Cloudera Desktop

Table of Contents

1. Installation (Pseudo-Distributed cluster)

1.1. Installing Packages

1.1.1. Getting RPM packages via yum (for Red Hat/CentOS systems)
1.1.2. Getting Debian packages via apt (for Debian/Ubuntu systems)

1.2. Start your cluster

2. Starting Cloudera Desktop

3. Usage

3.1. Feedback
3.2. Reporting Bugs

1. Installation (Pseudo-Distributed cluster)

These instructions describe how to install Cloudera Desktop on a pseudo-distributed cluster. If you already have an existing multi-node cluster running, please see the instructions for installing on an existing cluster.
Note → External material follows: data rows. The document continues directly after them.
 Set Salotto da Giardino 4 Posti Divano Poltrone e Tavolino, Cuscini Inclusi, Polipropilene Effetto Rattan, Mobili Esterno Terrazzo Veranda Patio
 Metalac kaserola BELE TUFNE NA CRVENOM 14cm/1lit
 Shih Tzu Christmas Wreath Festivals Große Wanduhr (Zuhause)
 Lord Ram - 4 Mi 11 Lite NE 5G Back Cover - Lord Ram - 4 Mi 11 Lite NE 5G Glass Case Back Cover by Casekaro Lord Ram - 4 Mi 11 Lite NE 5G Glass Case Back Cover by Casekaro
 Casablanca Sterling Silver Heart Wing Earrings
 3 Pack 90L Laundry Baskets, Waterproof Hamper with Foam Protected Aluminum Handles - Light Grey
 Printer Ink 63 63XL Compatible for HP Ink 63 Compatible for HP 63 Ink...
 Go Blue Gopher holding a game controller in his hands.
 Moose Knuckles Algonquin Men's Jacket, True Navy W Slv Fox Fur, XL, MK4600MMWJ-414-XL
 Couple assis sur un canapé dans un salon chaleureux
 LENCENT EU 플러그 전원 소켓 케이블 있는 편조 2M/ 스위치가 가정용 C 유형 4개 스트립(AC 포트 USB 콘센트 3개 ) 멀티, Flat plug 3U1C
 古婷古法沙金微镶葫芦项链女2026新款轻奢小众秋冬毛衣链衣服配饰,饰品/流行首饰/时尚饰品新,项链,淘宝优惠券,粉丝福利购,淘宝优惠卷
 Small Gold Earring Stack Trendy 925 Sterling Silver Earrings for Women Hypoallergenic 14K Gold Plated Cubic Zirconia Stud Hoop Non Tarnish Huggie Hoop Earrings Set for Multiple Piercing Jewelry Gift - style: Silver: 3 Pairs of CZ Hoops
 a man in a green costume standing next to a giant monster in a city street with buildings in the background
If you already have a pseudo-distributed Hadoop cluster running using Cloudera's hadoop-0.20-conf-pseudo package, you can still follow these instructions.

Note:

All commands that need to be run as root have a # command prompt.
All commands that do not require root have a $ command prompt.

	What is pseudo-distributed mode?
	"Pseudo-distributed mode" refers to an installation of Hadoop that contains all of the same pieces as a real production Hadoop cluster, just running on a single node. This mode is ideal if you're just learning about Hadoop before you go on to set up a multinode cluster.

1.1. Installing Packages

In order to install Cloudera Desktop and Hadoop in pseudo-distributed mode, you'll need to add Cloudera's apt or yum repository to your package manager's configuration.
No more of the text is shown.